» **Your goal**
Pictures are not part of the copy; reproduce the remaining data exactly.

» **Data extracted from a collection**

◆ ◆ ◆ ◆ ◆

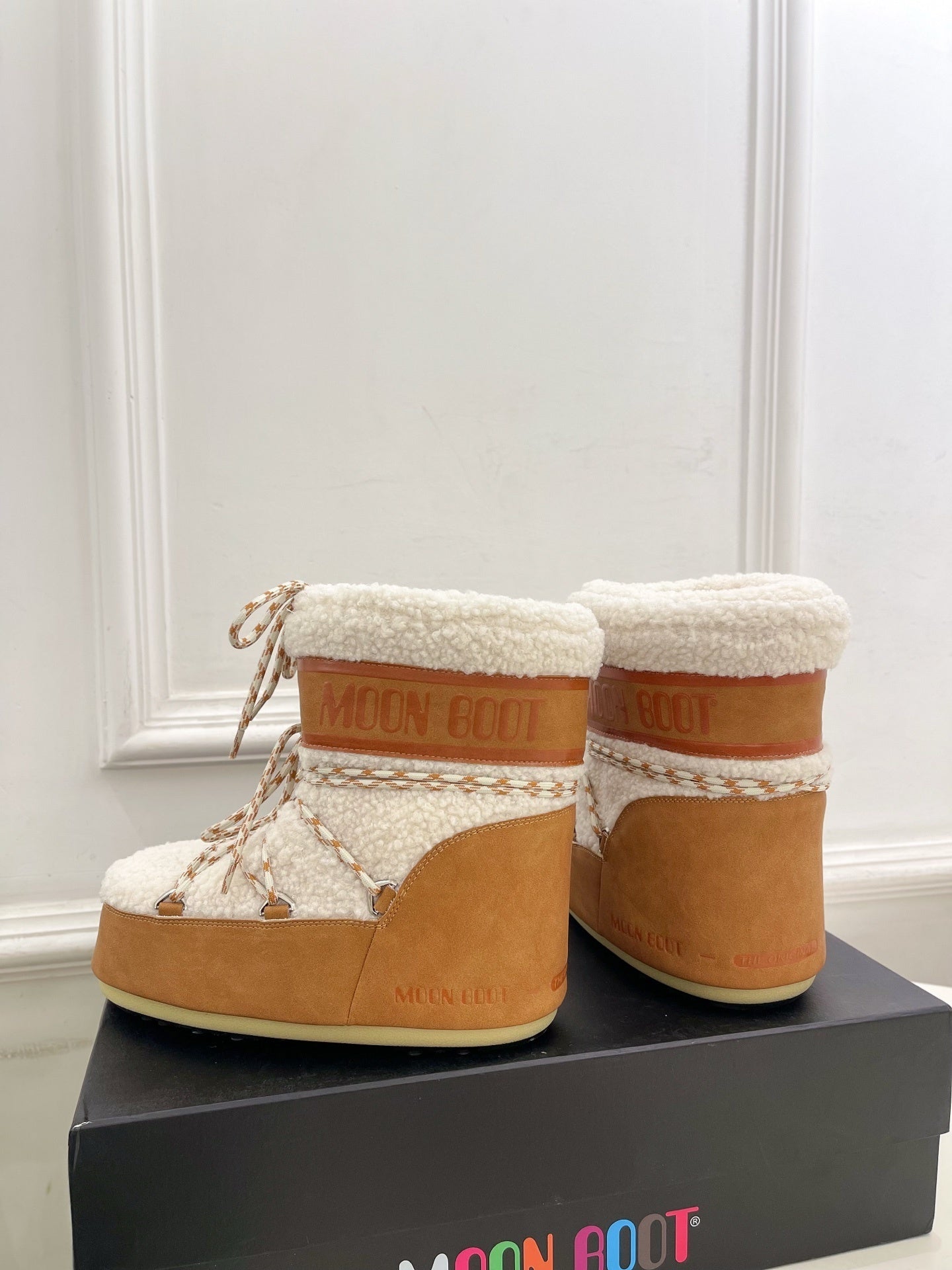 CAMEL FAUX FUR LINED WINTER BOOTS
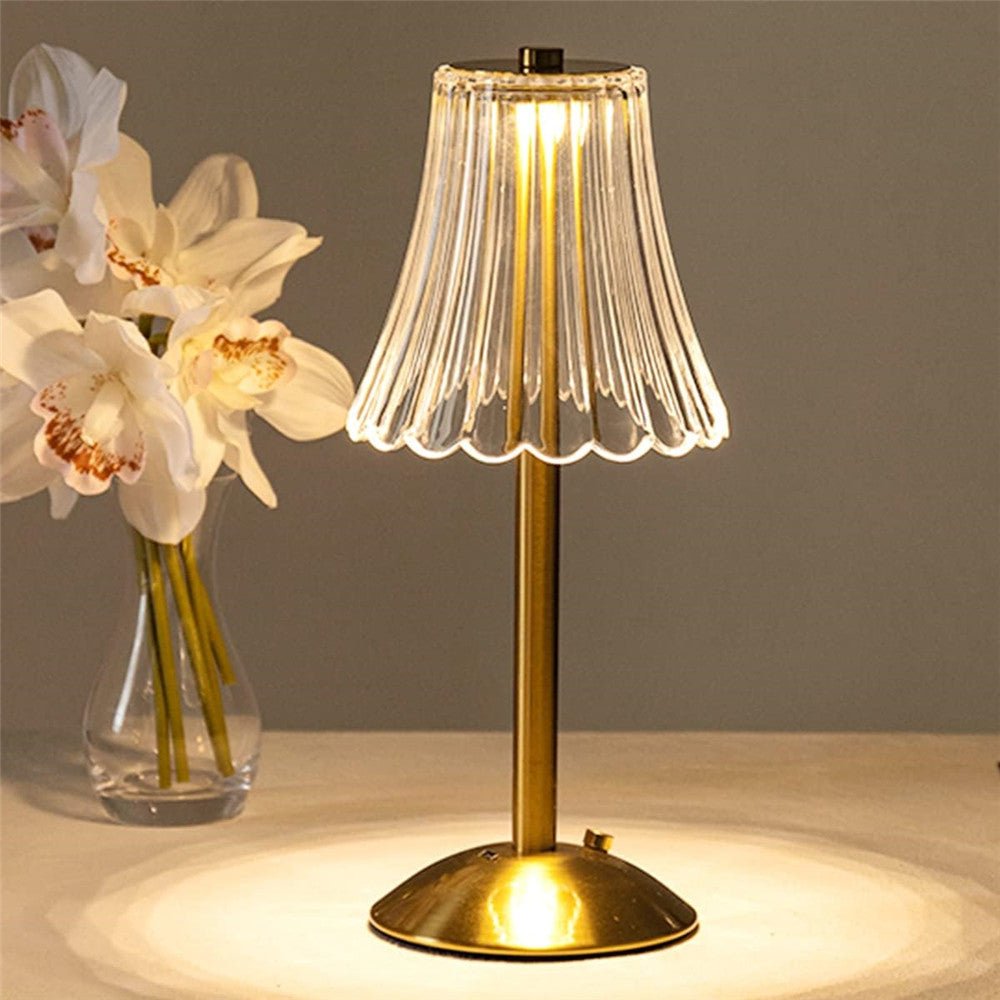 AuroraLuxe – Elegante Lampe mit Kristallakzenten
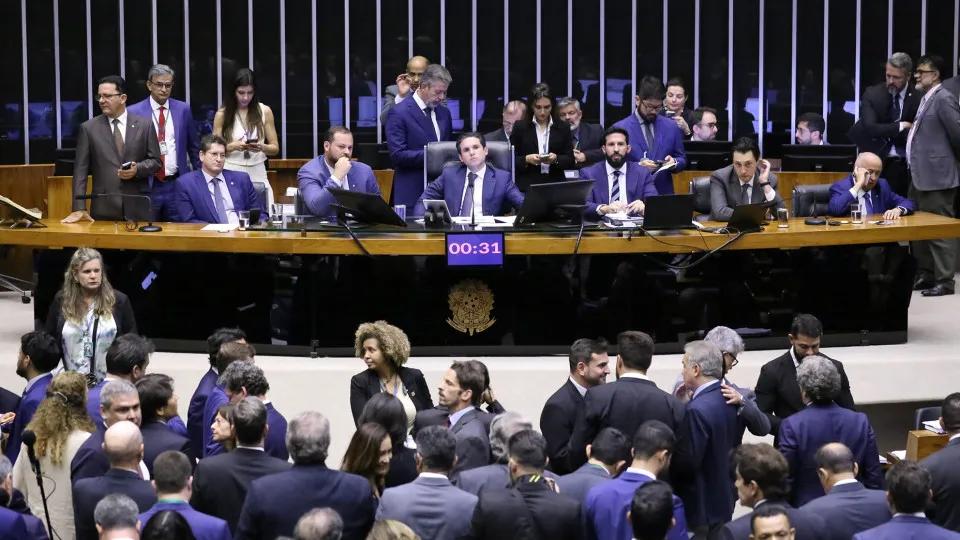 Câmara aprova isenção do IR para quem ganha até R$ 5 mil a partir de 2026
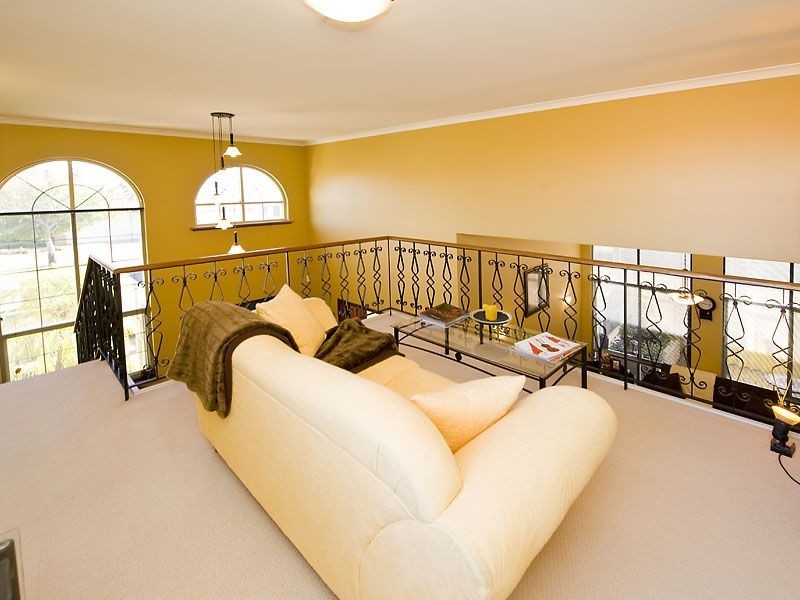 10 West End Parade, Canning Vale WA 6155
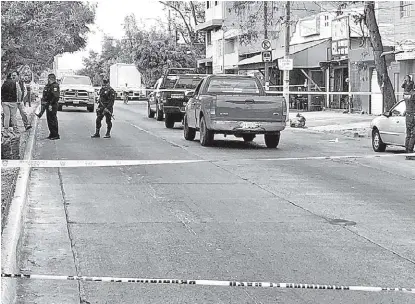  ?? MILENIO ?? Asesinan a tripulante de una camioneta en la colonia El Sauz, en Guadalajar­a.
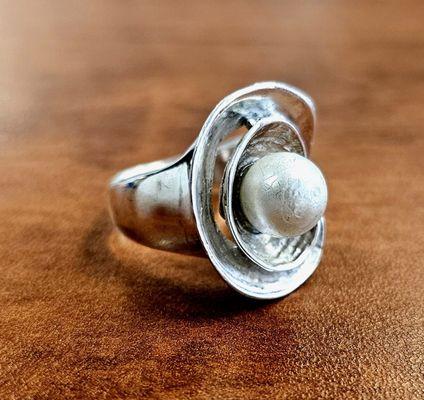 Another great repair. Pearl came off and needed cleaning.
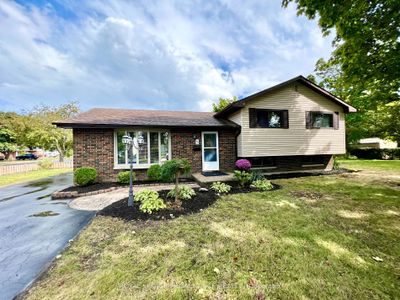 5 Westmount Dr, House other with 3 bedrooms, 1 bathrooms and 6 parking in Belleville ON | Image 1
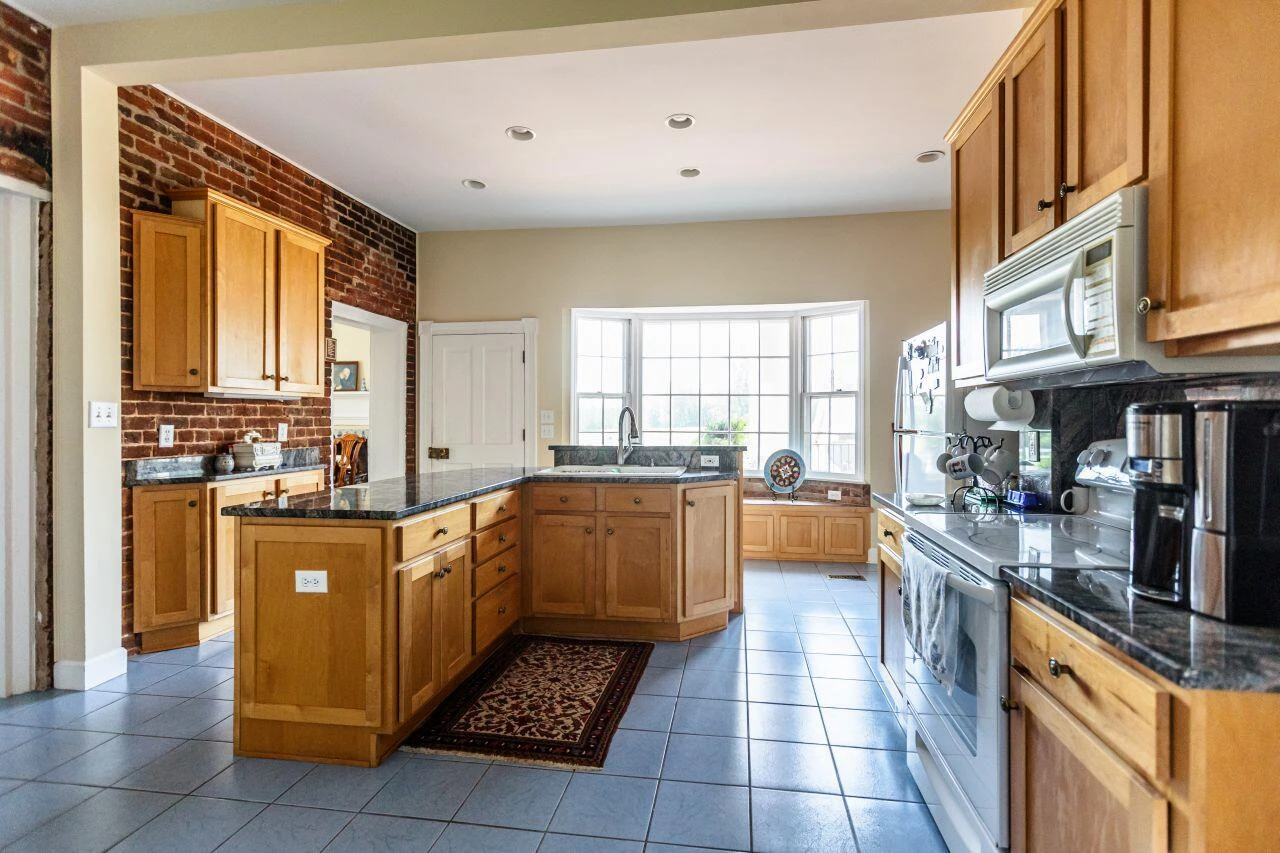 1024 Sunset DR - Photo 32
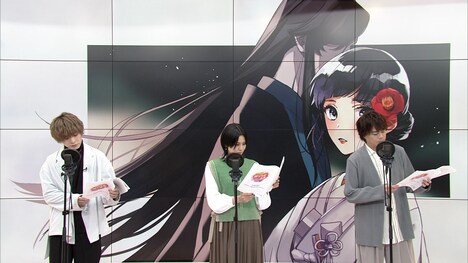 左から岡本信彦、金元寿子、浪川大輔。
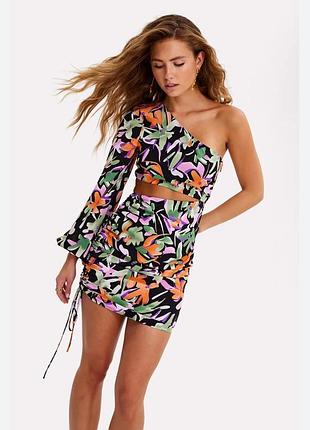 Платье на одно плечо 😍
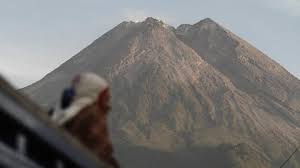 The volcanic activity of merapi was recorded as very high by yogyakarta's volcanology and geological hazard mitigation centre on tuesday and wednesday. Tourism Continues To Flourish Despite Mount Merapi On Alert Status Life En Tempo Co Tempo Co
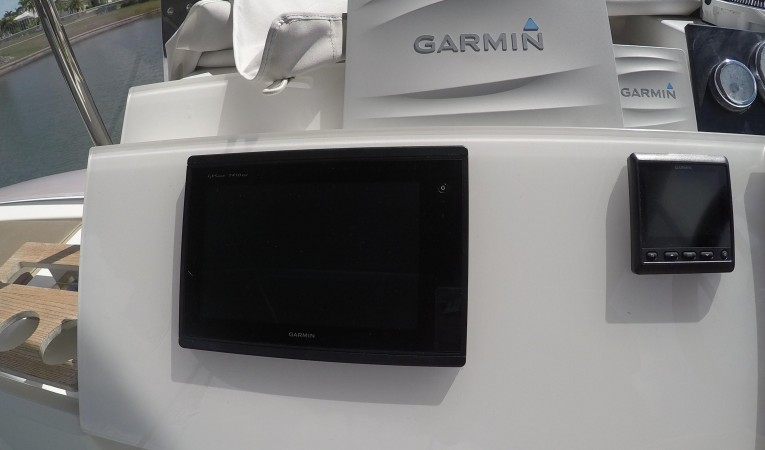 37 Fountaine Pajot Garmin 7410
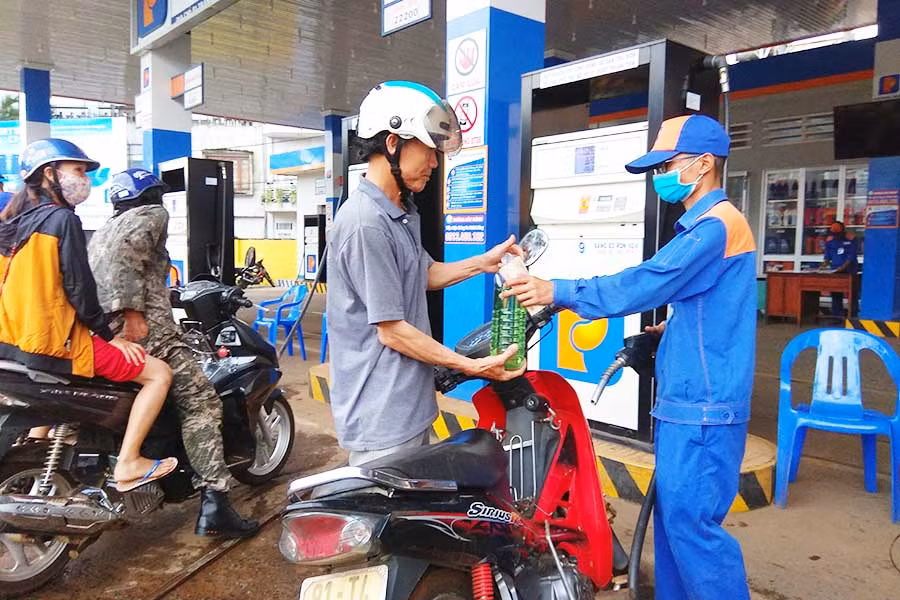 Người tiêu dùng lo lắng vì giá xăng tăng. Ảnh: L.L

◆ ◆ ◆ ◆ ◆

» **Finished task**
 CAMEL FAUX FUR LINED WINTER BOOTS
 AuroraLuxe – Elegante Lampe mit Kristallakzenten
 Câmara aprova isenção do IR para quem ganha até R$ 5 mil a partir de 2026
 10 West End Parade, Canning Vale WA 6155
  ?? MILENIO ?? Asesinan a tripulante de una camioneta en la colonia El Sauz, en Guadalajar­a.
 Another great repair. Pearl came off and needed cleaning.
 5 Westmount Dr, House other with 3 bedrooms, 1 bathrooms and 6 parking in Belleville ON | Image 1
 1024 Sunset DR - Photo 32
 左から岡本信彦、金元寿子、浪川大輔。
 Платье на одно плечо 😍
 The volcanic activity of merapi was recorded as very high by yogyakarta's volcanology and geological hazard mitigation centre on tuesday and wednesday. Tourism Continues To Flourish Despite Mount Merapi On Alert Status Life En Tempo Co Tempo Co
 37 Fountaine Pajot Garmin 7410
 Người tiêu dùng lo lắng vì giá xăng tăng. Ảnh: L.L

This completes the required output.